After his abduction, Eric Ramsey told the female student to “drive to a house just off campus, on South Crawford Street, where she was bound and raped. Police said the house was owned by Ramsey's mother, with whom he was living.”

After the rape, Eric Ramsey forced the female back in the SUV and drove, along with two cans of gasoline, down the road. The female student told a woman police officer after her rescue that “he told her he was going to kill her.”

While Eric Ramsey was driving, the female student jumped out of the SUV and ran to a house on south Mission Road in Shepherd. James Persyn III, the 14-year-old living in the house along with his 11-year-old sister and 2-year-old brother, heard the female victim's banging at the front door and the female student’s cry for help. “She was saying, 'Help me! Please let me in. Help! Help!' … I let her in, and she asked me if my parents were home. I told her no. She said, 'We've got to hide. I was just kidnapped, and I've just jumped out of a vehicle. We've got to hide now.' "

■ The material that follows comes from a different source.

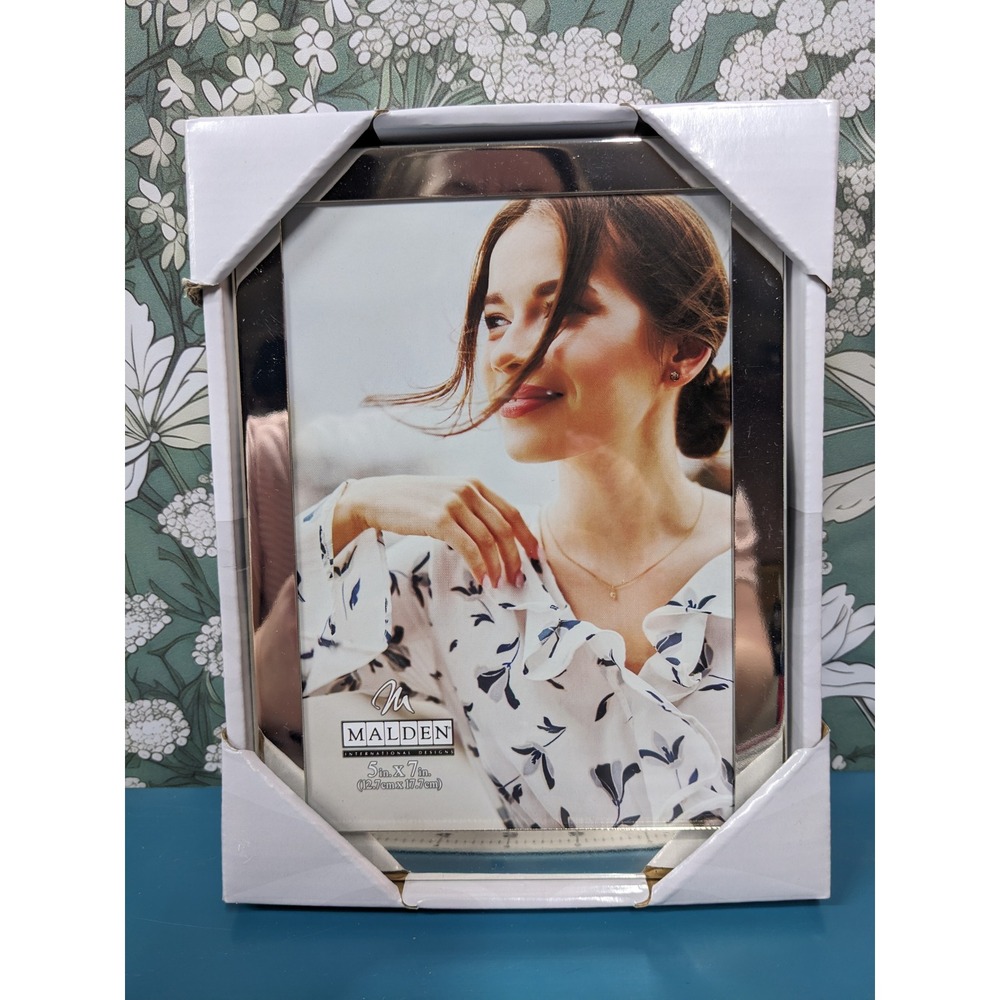 NEW Malden International Designs 5x7 Mirrored Beveled Glass Picture Frame 142-57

When Eric Ramsey banged at the door and demanded to be let in, 14-year-old James stood with his hunting knife by the bathroom door and his siblings and the female student hid in the bathtub. The female student called 911 and James called his father “who had left to pick up his fiancée from a nearby store and pizza shop where she works.”

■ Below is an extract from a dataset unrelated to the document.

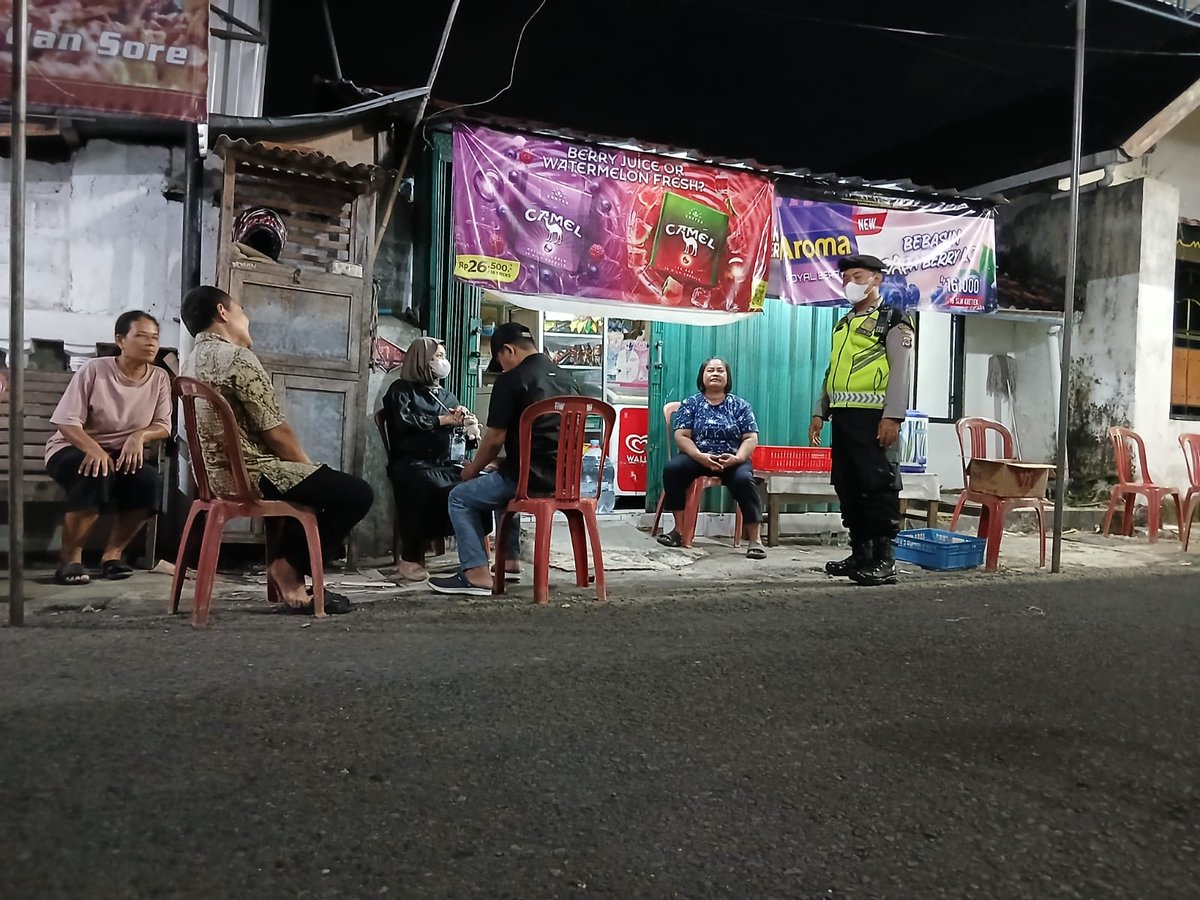 Panit Samapta Polsek Kraton Aiptu Eko Susanto sambang warga Suyoputran yang sedang berada di luar rumah sembari memberikan pesan Kamtibmas humanis dan dilanjutkan patroli rutin 
.
@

According to the police account, suspect Eric Ramsey poured gasoline around the house and set it on fire before taking off again in the victim’s SUV. By the time 14-year-old James’ father arrived at the home, the front of the house had caught on fire. At the time that James’ dad was able to smother and stomp out the fire, the police had also arrived.

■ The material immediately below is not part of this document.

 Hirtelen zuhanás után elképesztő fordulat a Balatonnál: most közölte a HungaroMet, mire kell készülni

Around 2:50 a.m., about five hours after the abduction of the female student had begun, “Michigan State Police investigated a suspicious vehicle in a parking lot in Gaylord. The vehicle -- the victim's SUV -- rammed the troopers' car three times, ‘rendering it inoperable,’ the State Police said in a release.”

The State Police followed suspect Eric Ramsey’s SUV tracks to an elk ranch which is owned by the city of Gaylord. Troopers on foot pursued the tracks, which led through an 8-foot high enclosure, for about a mile when they found the SUV stuck in the snow. Footprints led the troopers to Arrow Sanitation from where other vehicle tracks could be detected. Police subsequently issued a description “for a possible stolen truck.”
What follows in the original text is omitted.